Friday, March 04, 2005

A brief history of vignettes

I regularly peruse Brickshelf, a website that provides free webspace for LEGO fans from all over the world to share pictures of their creations. Back in September, I noticed a similar building style shared by a few Japanese LEGO fans--Makato (who seems to have since disappeared), Sugegasa, and Yuriko Hanai. Each of these illustrated a scene within a very small space. I thought this was a cool idea, and posted it on Classic-Castle (a site for LEGO castle fans).

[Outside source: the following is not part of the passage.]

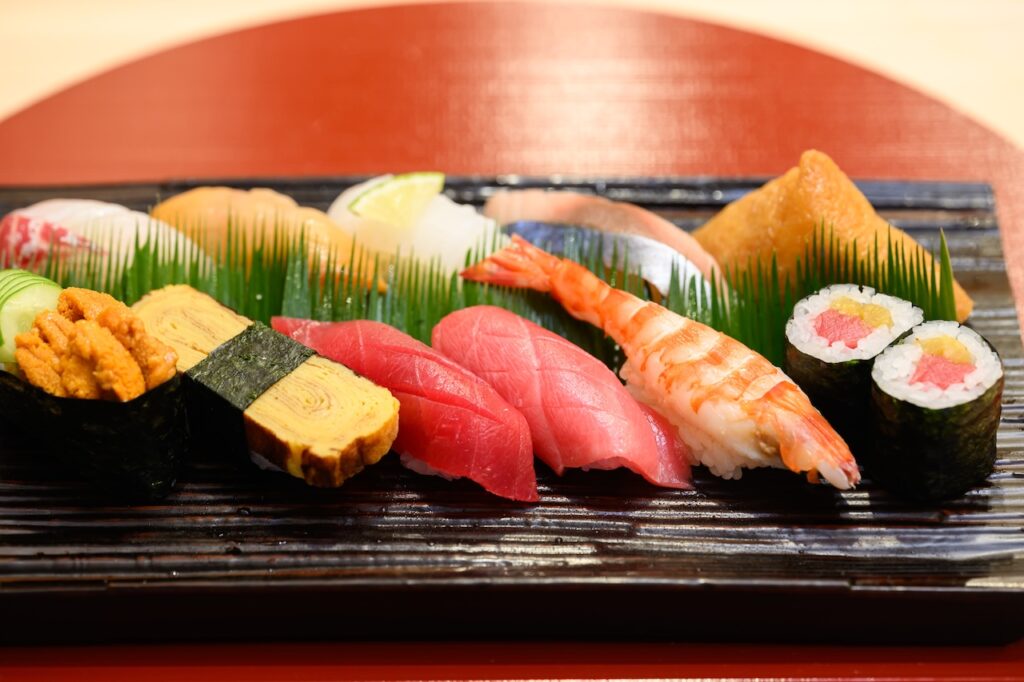 京都 鮨 松廣　寿司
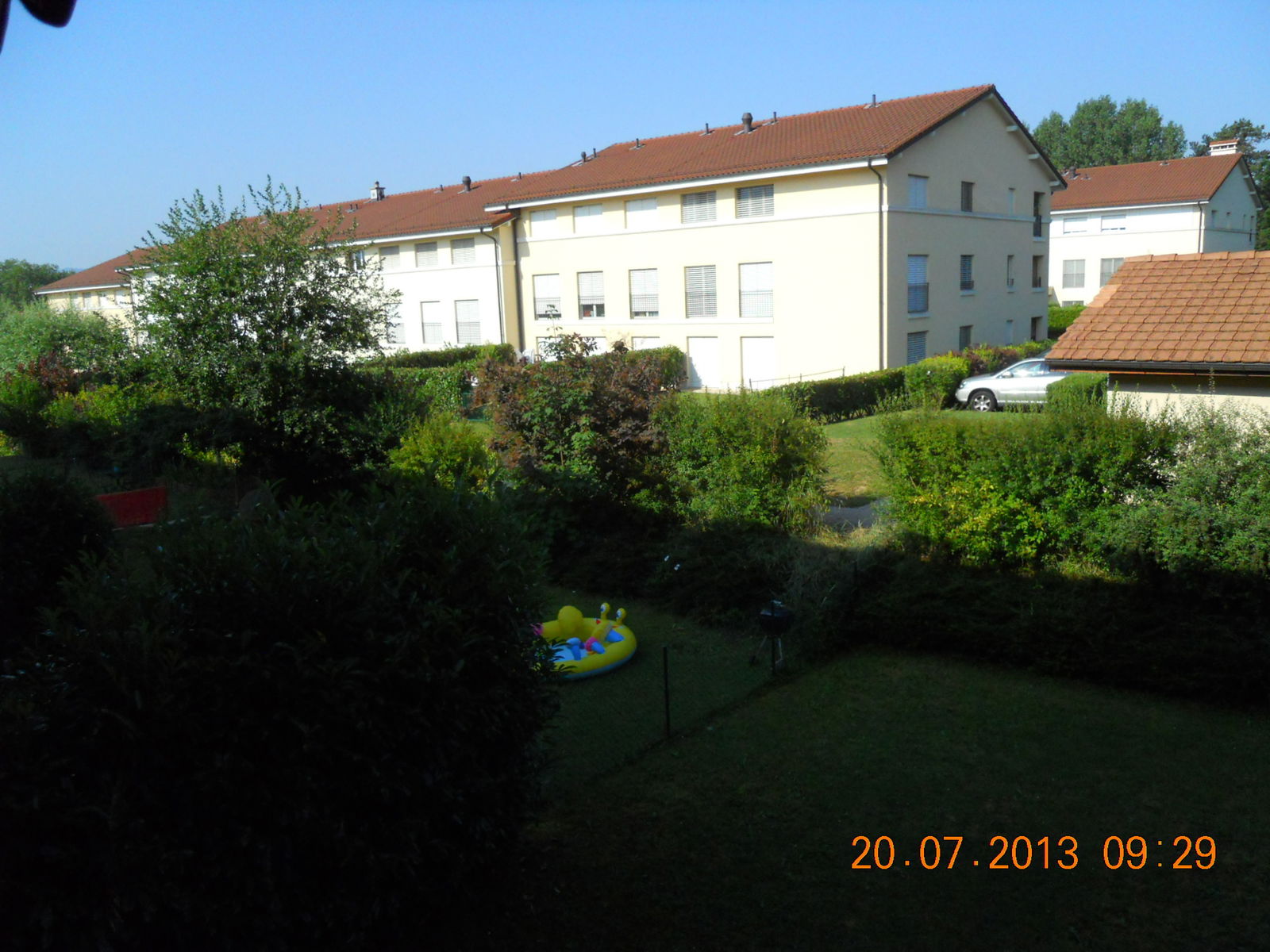 Zakwaterowanie U Rodziny Onex 75762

A few days later I posted some vignettes of my own. The idea seemed to catch on. Over the next few weeks other Classic Castle members posted their vignettes. Soon the fad spread to other LEGO fan forums, and it was off to the races. Classic-Castle had a vignette category in our annual contest, and it was by far the most popular category, with 57 entries by 38 different builiders. Now, Lugnet, the most prominent AFOL site, has added a vignette newsgroup, giving vignettes a solid home in the AFOL world.

Anyway, that's the story. I feel a little bit of parental pride towards this area of building, at least how it has grown in the English-speaking part of the LEGOverse. There were obviously these Japanese builders who started me off (I do not know if they built independantly, or if they correspond via some Japanese-language forums--as far as I can tell they have never posted in the major English-language forums). Edit: I have recently found a website, The Art Museum of LEGO Vignette, that documents these Japanese creations. There have also been other MOCs that would be defined as vignettes (e.g. this trophy by Aaron Sneary). Heck, even some official sets could be technically called vignettes. But this current wave of building seems to have grown over the past five months.